# What is expected
Retype exactly the span of lines below from the one with "LINCOLN 371492 SUPPORT TOP FINGER AZ" through the one with "Світло-рожевий". Do not include pictures.

# Data shown

--------

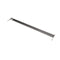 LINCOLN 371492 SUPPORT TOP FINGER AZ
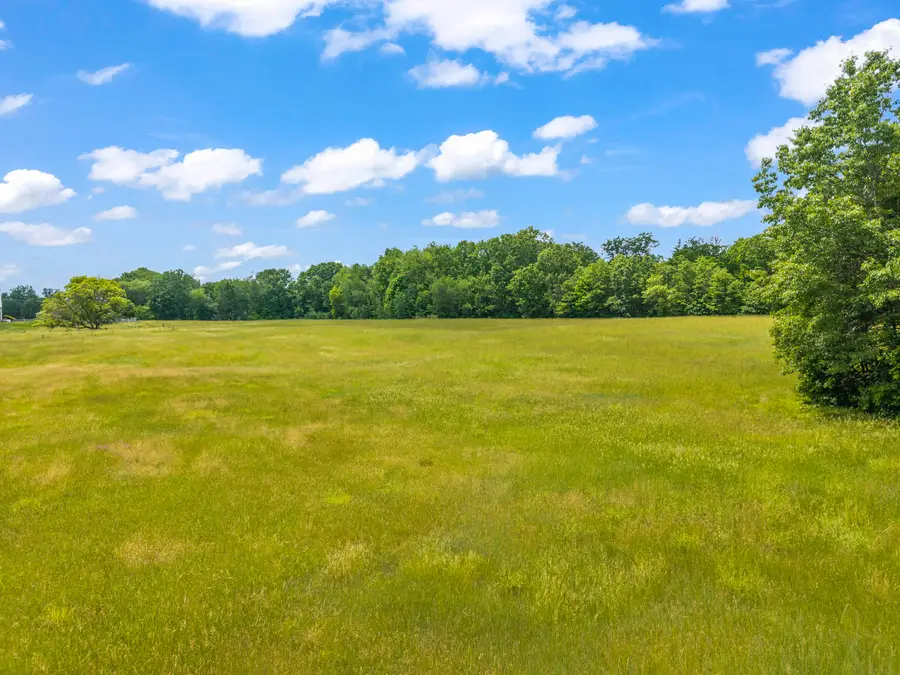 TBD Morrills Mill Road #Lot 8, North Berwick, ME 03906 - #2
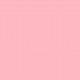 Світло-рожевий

--------

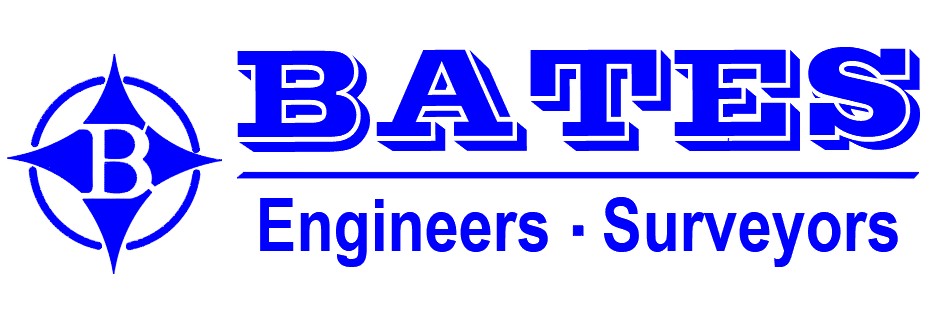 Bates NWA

--------

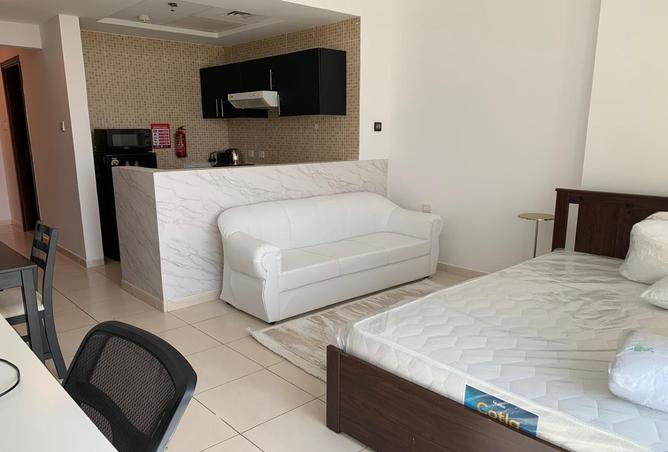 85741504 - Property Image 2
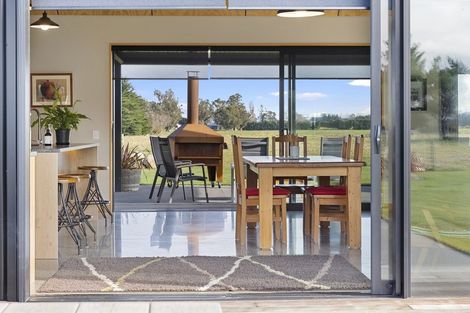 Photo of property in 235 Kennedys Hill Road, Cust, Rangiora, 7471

--------

# Exercise response
 LINCOLN 371492 SUPPORT TOP FINGER AZ
 TBD Morrills Mill Road #Lot 8, North Berwick, ME 03906 - #2
 Світло-рожевий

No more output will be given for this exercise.